No Brasil – assim como nos próprios EUA – tentativas de regulamentar as plataformas, visando a proteção da soberania e da defesa do país, tem sido pouco bem-sucedidas. A LGPD (Lei Geral de Proteção de Dados), embora seja um marco importante, carece de mecanismos que efetivamente responsabilizem as Big Techs por práticas abusivas. Nos Estados Unidos, a situação é igualmente difícil, já que os esforços pela regulamentação permanecem reduzidos devido à força do lobby corporativo e à polarização política. A promessa trumpista de desregulamentar ainda mais as plataformas reforça essa tendência, colocando os interesses corporativos acima da segurança informacional e cognitiva tanto nos Estados Unidos quanto globalmente.

 

No contexto brasileiro, a dificuldade de implementar regulamentação também é reflexo da assimetria de poder entre os países do Norte Ocidental e do Sul Global. As plataformas, com sede principalmente nos EUA, tem a política de ignorar demandas locais ou adotar mudanças mínimas se devidamente pressionados – desde que não ameacem seus interesses corporativos –, acirrando a dependência do Brasil e outros países latino-americanos alheios ao controle sobre suas próprias infraestruturas digitais.

 

Entretanto, o ano de 2025 apresenta uma oportunidade estratégica única para o Brasil, que assume a presidência do BRICS+. Esse fórum internacional, que reúne não apenas a China e a Rússia, mais avançados em termos de Soberania comunicacional, mas também a emergente Índia e os novos países membros, oferece um espaço privilegiado para a articulação de uma agenda de integridade e segurança digital. Como membro chave na união, por contar com uma tradição diplomática robusta, o Brasil pode ser protagonista no desenvolvimento de redes sociais locais, mecanismos de proteção contra desinformação e investimentos em literacia digital, fortalecendo as capacidades institucionais e cognitivas do Sul Global, criando uma internet soberana, regional e apropriadamente regulamentadas, visando o fortalecimento de infraestruturas digitais alinhadas aos interesses dos países membros. Isso pois o Brasil, com sua longa tradição de engajamento em temas de governança da internet, incluindo sua liderança no Marco Civil da Internet, está em posição de propor soluções que equilibrem liberdade de expressão, segurança cognitiva e soberania tecnológica.

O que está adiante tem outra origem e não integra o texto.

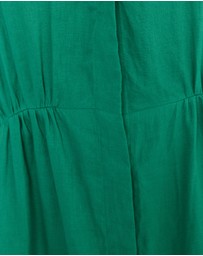ALEXANDRA - Makila Dress Emerald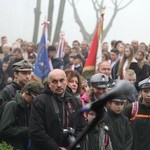 Prezydent na cmentarzu legionistów w Łowczówku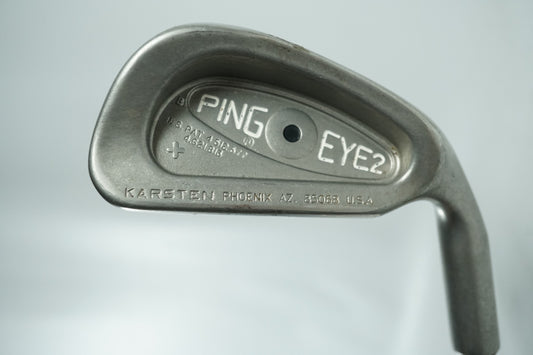 Ping Eye 2 3 Iron / Black Dot / Regular Flex Steel Shaft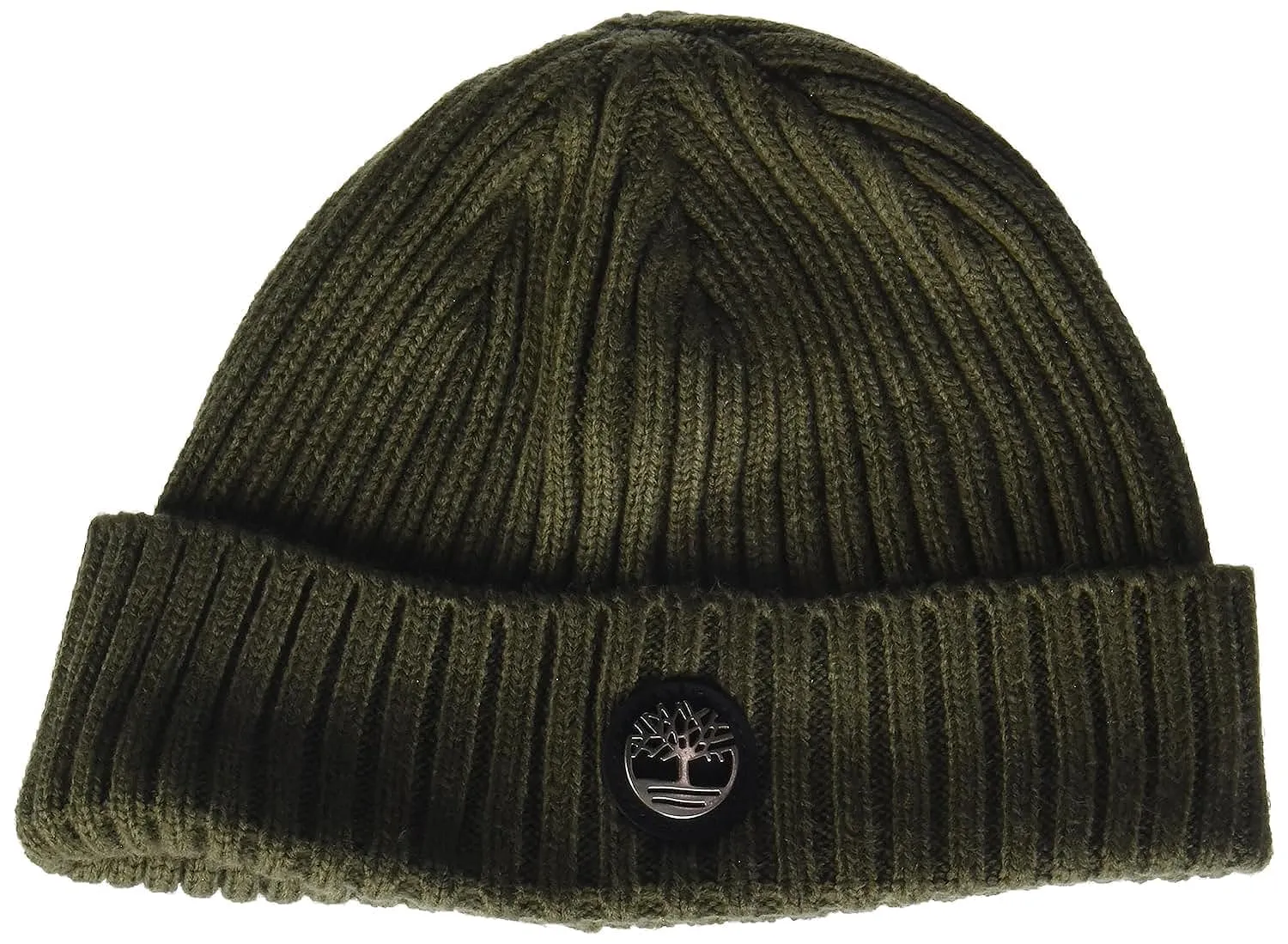 Timberland Cappellino da Uomo a Coste con Logo, Foglia D'uva., Taglia Unica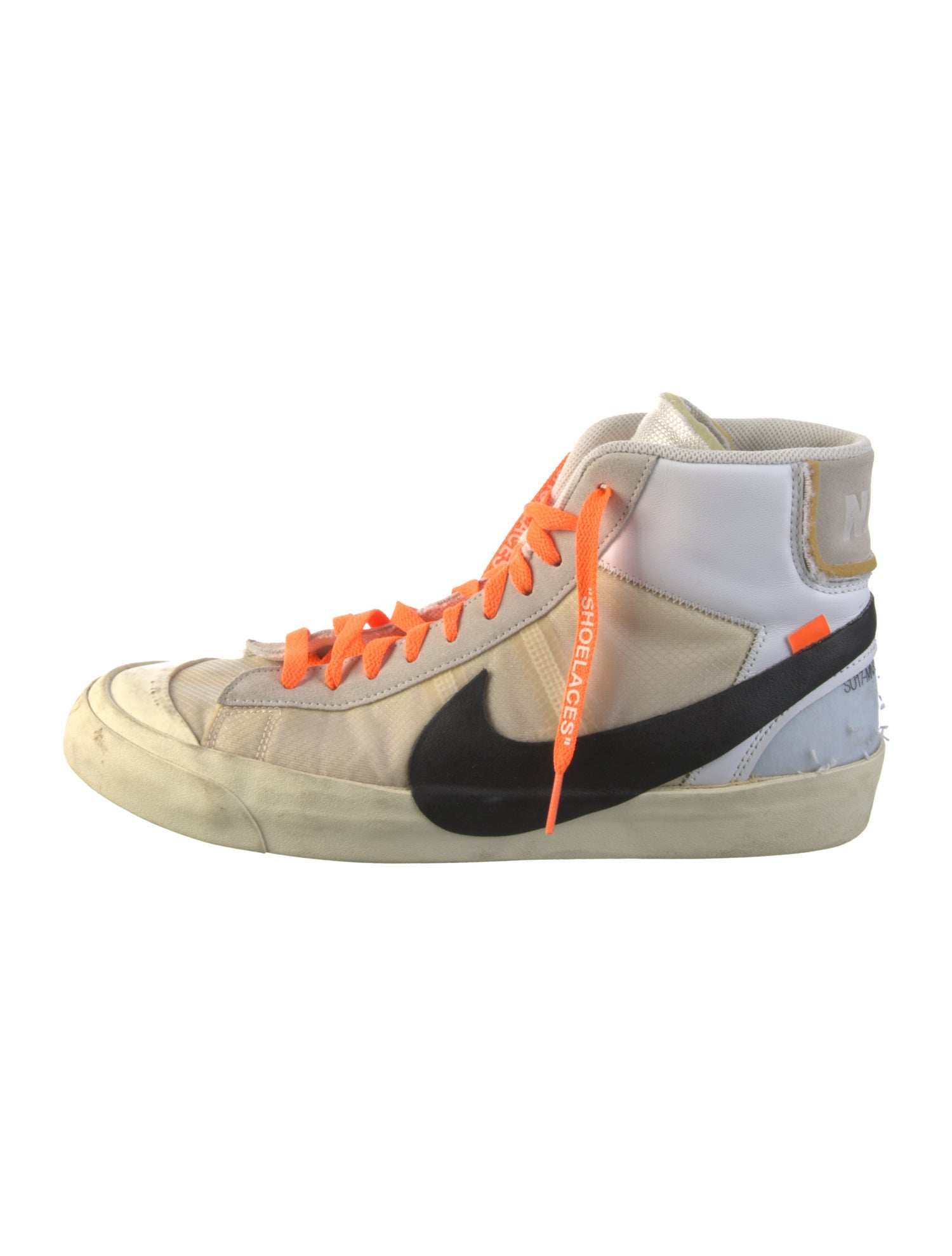 Off-White x Nike Blazer Mid 'The Ten' Sneakers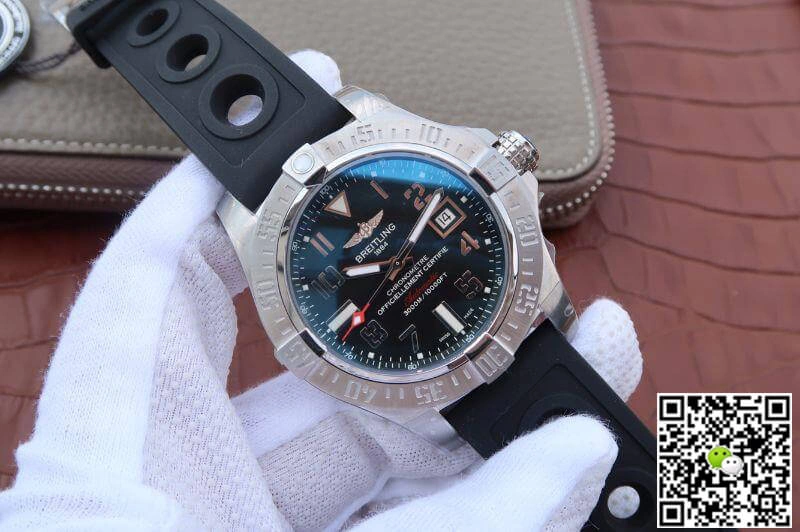 Breitling Avenger II A3239011.BC34.152S.A20S.1 GF Factory 1:1 Best Edition Replica Watch Swiss ETA2836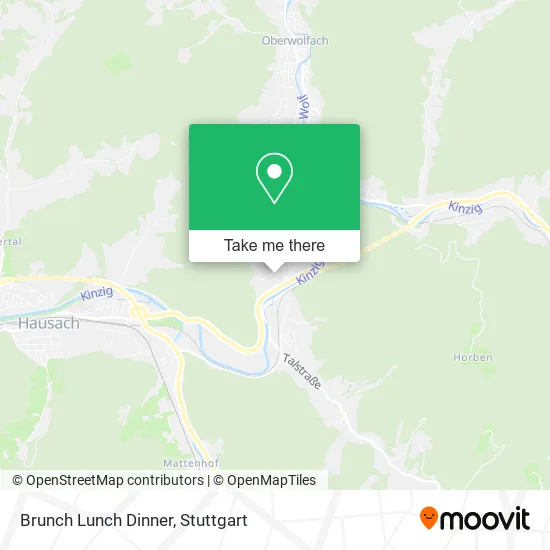 Карта Brunch Lunch Dinner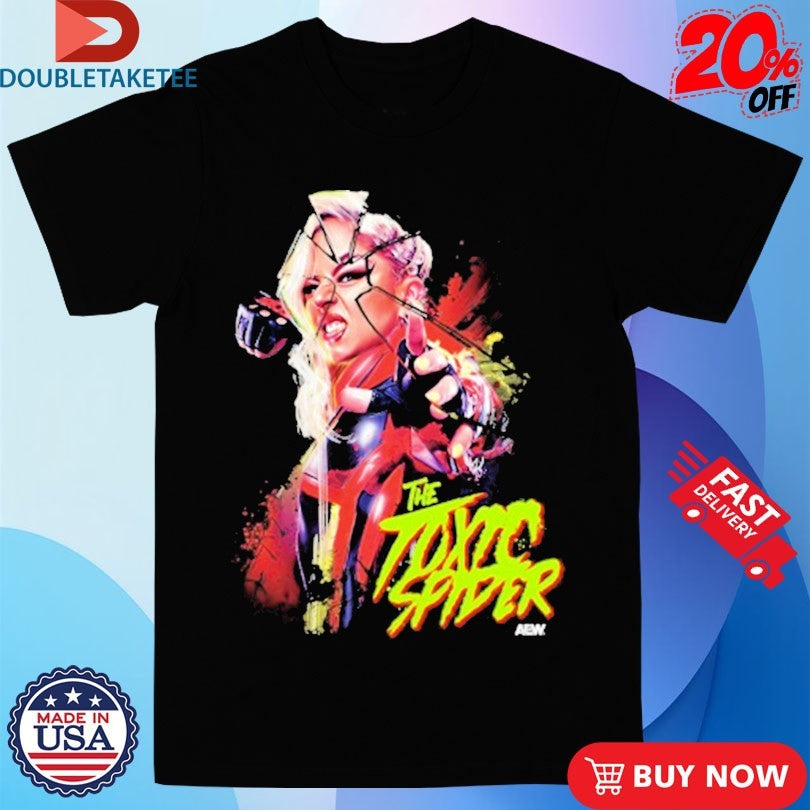 Official Thekla The Toxic Spider Arachnophobia Shirts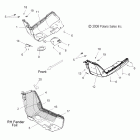 800 ASSAULT RMK 146-S09PL8ES/EE Body, fenders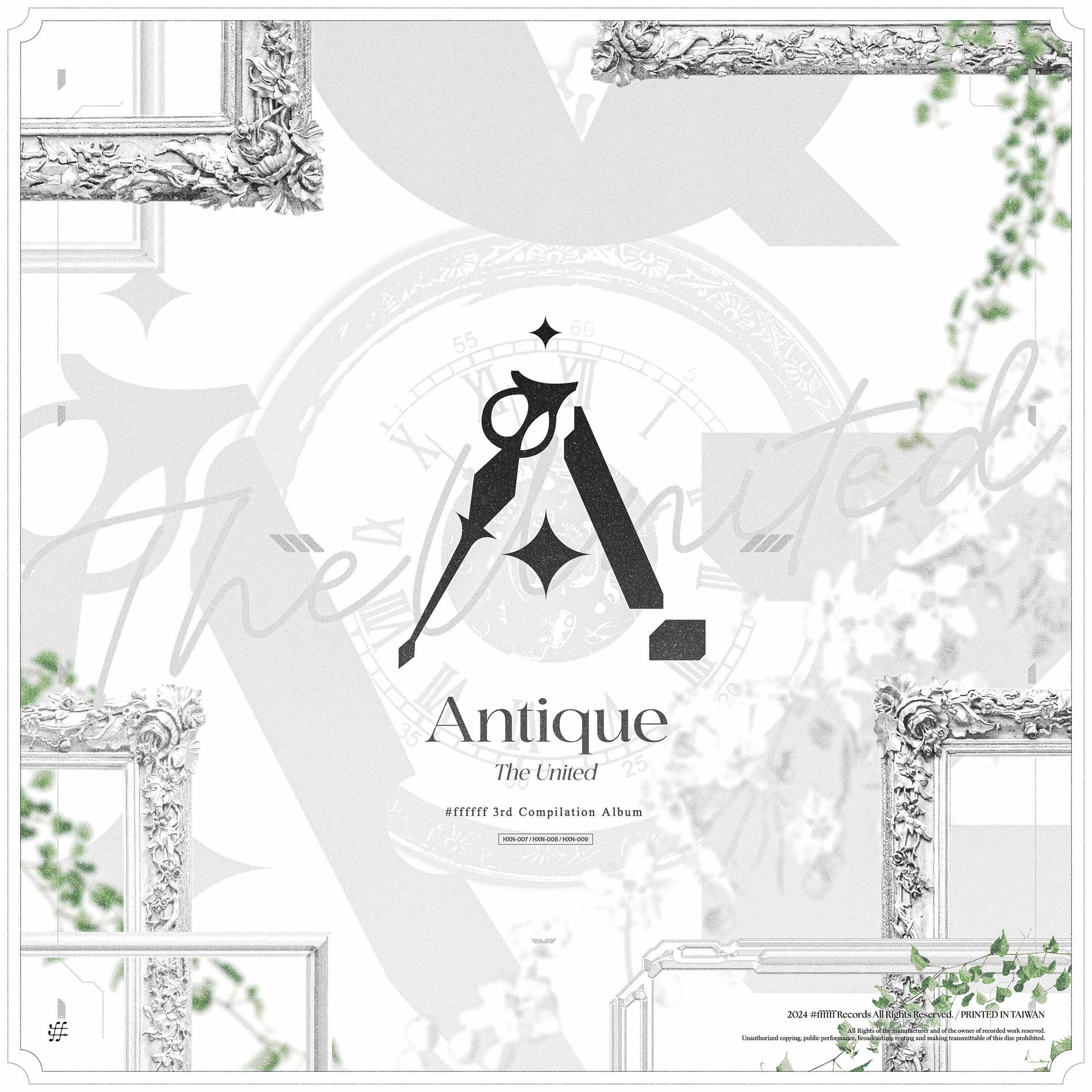 Album cover of Antique -The United-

Com isso, o Brasil pode não apenas liderar uma resposta à crescente influência da aliança Trump-Zuckerberg e Big Tech, mas também se posicionar como um ator central na construção de uma ordem digital mais justa, equilibrada e sustentável e protegida dos interesses corporativos do Norte Ocidental. E, agora como presidente dos BRICS, assumir o papel de liderança é necessidade: em um cenário global onde a economia das narrativas define o jogo geopolítico, o Brasil tem a chance de transformar vulnerabilidades históricas em uma plataforma de resistência e inovação. A presidência do BRICS+ em 2025 pode marcar o início de uma reconfiguração digital, na qual o Sul Global deixa de ser um receptor passivo de narrativas externas e passa a construir suas próprias histórias, alinhadas aos interesses e valores de suas sociedades. Essa é a oportunidade de reafirmar soberania e integridade, não apenas no espaço digital, mas na própria definição do futuro político e econômico global.